§ INPUT RECORDS

######

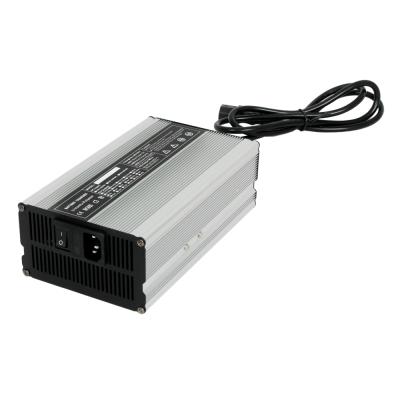 China Golf Cart /Electric Car Tourist 600W Battery Charger For Electric Cleaning Equiment 24V 36V 48V 60V for sale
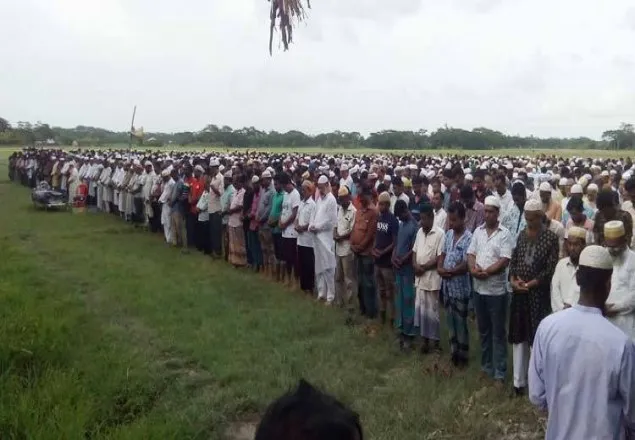 বরগুনায় রিফাতের দাফন সম্পন্ন, গ্রেপ্তার ৩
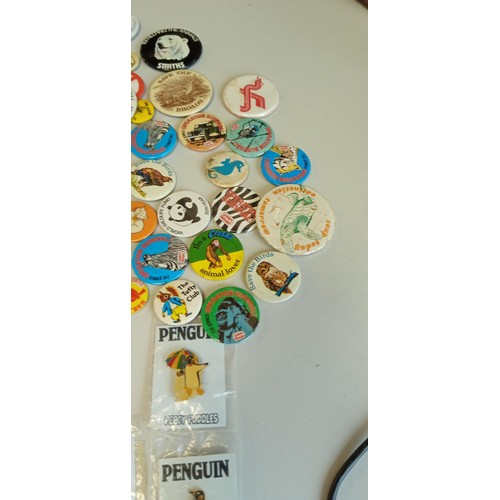 23 - Selection of vintage badges to include penguins and other animals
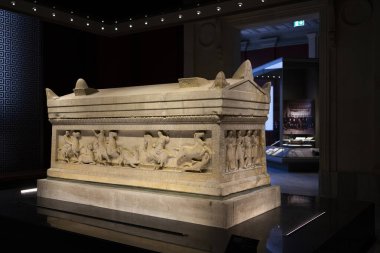 İstanbul Arkeoloji Müzesi 'ndeki Satrap Sarcophagus, Türkiye.
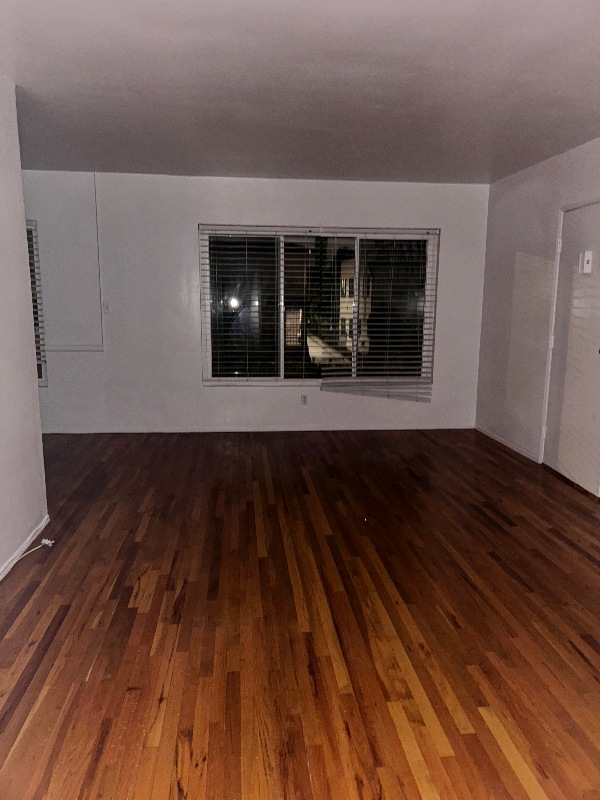Building Photo - 4800 Beverly Blvd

######

§ HOW TO COMPLETE THIS TASK
Where a record holds a picture, leave the picture out and restate the rest word for word.

§ SOLUTION FOR THIS EXERCISE
 China Golf Cart /Electric Car Tourist 600W Battery Charger For Electric Cleaning Equiment 24V 36V 48V 60V for sale
 বরগুনায় রিফাতের দাফন সম্পন্ন, গ্রেপ্তার ৩
 23 - Selection of vintage badges to include penguins and other animals
 İstanbul Arkeoloji Müzesi 'ndeki Satrap Sarcophagus, Türkiye.
Building Photo - 4800 Beverly Blvd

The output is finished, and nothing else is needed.